For GARP scores, we used data for a set of 50 breast cell lines, published by Marcotte et al. [17]. For pathway analysis, we used annotations to Reactome pathways [18], as provided by Pathway Commons [19].

Data representation

We represent the CNA data as a gene \(\times\) patient matrix M, as exemplified in Table 2. In M, every row corresponds to a gene and every column to a sample/patient. An entry M[ij] is equal to 1 if the jth patient has a copy number alteration of the ith gene, zero otherwise. The CNA profile of a gene a is the row of the matrix M that corresponds to the a gene and \(M_{a}\) is the number of elements equal to 1 in that row.
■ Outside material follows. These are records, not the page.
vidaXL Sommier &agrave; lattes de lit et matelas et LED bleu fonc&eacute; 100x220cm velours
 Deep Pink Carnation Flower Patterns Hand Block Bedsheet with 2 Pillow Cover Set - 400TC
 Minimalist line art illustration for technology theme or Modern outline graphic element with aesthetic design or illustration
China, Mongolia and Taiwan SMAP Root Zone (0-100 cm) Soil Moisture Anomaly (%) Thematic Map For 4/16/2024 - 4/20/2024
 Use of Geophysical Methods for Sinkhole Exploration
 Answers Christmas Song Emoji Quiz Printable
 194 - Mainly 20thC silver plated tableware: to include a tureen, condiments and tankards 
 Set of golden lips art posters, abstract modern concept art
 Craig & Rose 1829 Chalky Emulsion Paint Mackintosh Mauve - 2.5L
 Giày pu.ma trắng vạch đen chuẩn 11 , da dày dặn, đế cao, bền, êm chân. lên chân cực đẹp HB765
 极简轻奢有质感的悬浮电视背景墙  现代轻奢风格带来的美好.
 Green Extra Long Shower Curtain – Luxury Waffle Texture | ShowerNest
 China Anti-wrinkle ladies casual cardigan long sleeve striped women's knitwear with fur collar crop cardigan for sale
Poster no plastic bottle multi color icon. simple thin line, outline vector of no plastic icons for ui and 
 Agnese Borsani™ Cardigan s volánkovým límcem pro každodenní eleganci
Table 2 Matrix representation of the dataset of CNAs

Gene clustering

We cluster the genes in order to obtain groups of genes that are both close to each other on the genome and show a similar CNA profile across patients. As we do not have any indication on the number of groups, on the cardinality of those clusters and on the maximum distance between the genes in a given group, we use a data-driven procedure. We first group together genes close on the genome and showing similar CNA profile; then, we substitute every group with its consensus gene and finally we search for mutual exclusion between pairs of consensus genes.

Distance We associate to each pair of genes g1 and g2 a distance D between them, computed as:

$$\begin{aligned} D(g1,g2)={\left\{ \begin{array}{ll} \frac{dist(g1,g2)}{20Mb} + \frac{Pr(g1) \times Pr(g2)}{Pr(g1,g2)}, \quad \textit{if g1 and g2 are on same chr}\\ \infty \quad \textit{otherwise} \end{array}\right. } \end{aligned}$$

where dist(g1, g2) is the distance (in base pairs) between the transcription start sites of the two genes, Pr(g1) and Pr(g2) are the empirical probabilities of having a mutation on the gene g1 and g2 respectively and Pr(g1, g2) is the empirical probability of having a mutation on both the genes. If two genes are located on two different chromosomes their relative distance is set to infinity. Otherwise, their distance depends on both their relative position on the genome and their mutation profiles. Note that the genomic distance between genes appears in the numerator of one of the two components of D, hence D increases with the genomic distance. Also, the correcting factor of 20 Mbp has been chosen since it corresponds to a distance of 20 cM. For what it concerns the mutations profiles, \(Pr(g_1)\times Pr(g_2) < Pr(g_1, g_2)\) when the mutations on the two genes tend to co-occur. Therefore, a strong similarity (overlap) of the two mutations profiles will make the second component of D to decrease.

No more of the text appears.